Najbardziej oburza Kutza, że ryzykowano ludzkim życiem po to, by z kopalni wydobyć maszyny warte miliony złotych. Dodatkowo tam nie poszli normalni górnicy. "To byli ludzie z zewnątrz. I nie dość, że nie mieli specjalnych urządzeń, to jeszcze nie poszli z nimi ratownicy. A tak powinno być w takich przypadkach" - denerwuje się Kutz. Przypomina, że chodnik w "Halembie" był od dawna zamknięty, groził w nim wybuch metanu.

Dlaczego więc ludzie zgodzili się tam wejść? "Tam, gdzie zamykają kopalnie, jest nędza. I wszyscy inni, jeszcze pracujący górnicy, trzymają się kopalni z całej siły" - opowiada Kutz. Dlatego nikt nie protestuje, kiedy musi iść w takie miejsca. I nikt nie chce, żeby jego kompanię zamknięto. Bo wtedy głód zagląda w oczy całej rodzinie. Najczęściej dość licznej. Ale życia nie da się przeliczyć na pieniądze.

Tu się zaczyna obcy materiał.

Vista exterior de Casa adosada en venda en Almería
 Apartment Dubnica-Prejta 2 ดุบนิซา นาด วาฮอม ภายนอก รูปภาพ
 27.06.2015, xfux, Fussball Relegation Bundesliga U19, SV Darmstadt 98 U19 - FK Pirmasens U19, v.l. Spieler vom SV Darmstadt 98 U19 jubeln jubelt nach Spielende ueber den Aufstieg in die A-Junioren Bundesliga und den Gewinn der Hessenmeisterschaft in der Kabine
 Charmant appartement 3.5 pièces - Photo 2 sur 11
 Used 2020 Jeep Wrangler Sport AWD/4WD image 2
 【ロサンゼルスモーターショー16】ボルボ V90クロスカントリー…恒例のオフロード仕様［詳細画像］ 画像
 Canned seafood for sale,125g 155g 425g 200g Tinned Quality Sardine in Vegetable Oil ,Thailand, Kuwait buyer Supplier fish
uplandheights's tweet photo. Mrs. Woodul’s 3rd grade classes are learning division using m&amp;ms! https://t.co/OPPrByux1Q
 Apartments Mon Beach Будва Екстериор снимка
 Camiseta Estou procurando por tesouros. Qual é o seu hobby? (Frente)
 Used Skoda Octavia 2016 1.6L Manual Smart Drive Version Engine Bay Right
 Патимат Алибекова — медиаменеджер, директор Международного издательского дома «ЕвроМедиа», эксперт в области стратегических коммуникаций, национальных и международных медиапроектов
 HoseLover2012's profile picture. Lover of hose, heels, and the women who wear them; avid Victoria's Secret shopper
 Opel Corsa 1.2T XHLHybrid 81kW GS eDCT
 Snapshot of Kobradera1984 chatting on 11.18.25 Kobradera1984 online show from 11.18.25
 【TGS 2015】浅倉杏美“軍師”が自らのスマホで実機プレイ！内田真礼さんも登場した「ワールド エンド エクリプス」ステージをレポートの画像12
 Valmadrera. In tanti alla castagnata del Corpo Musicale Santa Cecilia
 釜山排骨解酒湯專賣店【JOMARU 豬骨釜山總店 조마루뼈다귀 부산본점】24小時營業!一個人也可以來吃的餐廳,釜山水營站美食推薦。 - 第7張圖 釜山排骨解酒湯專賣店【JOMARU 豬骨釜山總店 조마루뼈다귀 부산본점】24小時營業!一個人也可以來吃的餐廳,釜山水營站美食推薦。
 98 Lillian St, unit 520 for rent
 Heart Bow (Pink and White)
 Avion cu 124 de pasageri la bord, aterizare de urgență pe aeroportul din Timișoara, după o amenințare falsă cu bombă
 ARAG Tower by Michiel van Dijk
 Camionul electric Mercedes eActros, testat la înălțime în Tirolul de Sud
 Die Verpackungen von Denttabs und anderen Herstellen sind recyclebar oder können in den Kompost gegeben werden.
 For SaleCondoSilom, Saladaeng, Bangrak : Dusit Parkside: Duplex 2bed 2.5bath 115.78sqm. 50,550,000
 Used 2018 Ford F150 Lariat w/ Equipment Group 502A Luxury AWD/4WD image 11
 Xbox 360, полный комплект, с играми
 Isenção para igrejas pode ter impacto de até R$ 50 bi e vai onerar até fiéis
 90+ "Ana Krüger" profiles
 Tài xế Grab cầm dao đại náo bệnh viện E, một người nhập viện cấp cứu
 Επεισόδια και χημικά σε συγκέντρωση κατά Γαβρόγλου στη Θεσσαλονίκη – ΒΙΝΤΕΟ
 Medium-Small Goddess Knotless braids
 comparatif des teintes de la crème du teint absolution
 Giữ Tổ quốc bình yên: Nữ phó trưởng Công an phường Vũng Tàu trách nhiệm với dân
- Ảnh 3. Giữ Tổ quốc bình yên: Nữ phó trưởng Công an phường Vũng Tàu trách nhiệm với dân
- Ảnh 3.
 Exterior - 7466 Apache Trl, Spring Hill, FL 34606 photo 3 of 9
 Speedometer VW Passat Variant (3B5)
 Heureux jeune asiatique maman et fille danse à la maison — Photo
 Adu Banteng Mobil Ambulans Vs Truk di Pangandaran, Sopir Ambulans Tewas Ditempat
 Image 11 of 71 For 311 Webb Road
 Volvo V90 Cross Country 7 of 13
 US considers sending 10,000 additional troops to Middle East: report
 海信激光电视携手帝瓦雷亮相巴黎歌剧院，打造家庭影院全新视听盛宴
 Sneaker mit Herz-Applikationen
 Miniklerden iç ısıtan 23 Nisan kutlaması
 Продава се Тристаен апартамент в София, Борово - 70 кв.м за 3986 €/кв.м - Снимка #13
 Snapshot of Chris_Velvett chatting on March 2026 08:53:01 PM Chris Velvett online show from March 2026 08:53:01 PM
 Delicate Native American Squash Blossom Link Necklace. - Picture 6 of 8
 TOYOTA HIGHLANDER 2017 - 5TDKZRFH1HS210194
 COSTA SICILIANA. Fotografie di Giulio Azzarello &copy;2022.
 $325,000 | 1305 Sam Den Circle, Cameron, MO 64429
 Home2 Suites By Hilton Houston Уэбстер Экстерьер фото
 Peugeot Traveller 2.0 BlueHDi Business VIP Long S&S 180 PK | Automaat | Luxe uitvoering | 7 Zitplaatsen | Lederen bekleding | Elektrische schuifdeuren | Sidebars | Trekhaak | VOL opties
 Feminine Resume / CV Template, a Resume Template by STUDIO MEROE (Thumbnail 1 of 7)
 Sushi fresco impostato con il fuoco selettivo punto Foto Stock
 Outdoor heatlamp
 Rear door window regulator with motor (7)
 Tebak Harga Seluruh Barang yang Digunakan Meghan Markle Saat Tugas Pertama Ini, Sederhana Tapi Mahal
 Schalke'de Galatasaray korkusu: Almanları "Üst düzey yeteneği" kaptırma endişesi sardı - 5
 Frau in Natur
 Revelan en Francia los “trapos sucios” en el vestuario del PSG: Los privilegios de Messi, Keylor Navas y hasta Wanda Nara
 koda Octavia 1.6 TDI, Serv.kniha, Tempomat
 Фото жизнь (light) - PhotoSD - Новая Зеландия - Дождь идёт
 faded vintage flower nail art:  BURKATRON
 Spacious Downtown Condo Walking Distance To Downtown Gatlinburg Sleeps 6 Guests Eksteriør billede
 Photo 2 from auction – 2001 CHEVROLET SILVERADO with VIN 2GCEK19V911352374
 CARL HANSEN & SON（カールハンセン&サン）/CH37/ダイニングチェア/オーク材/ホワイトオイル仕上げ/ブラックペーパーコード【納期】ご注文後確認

Kutz wstrząśnięty jest też decyzją władz kopalni o kontynuowaniu wydobycia. Rano górników wysłano do normalnej pracy, podczas gdy w innej części kopalni ratownicy walczą o życie ich kolegów. "Ale ci ludzie musieli zejść na dół, bo inaczej nie będą mieli co jeść" - dodaje Kutz.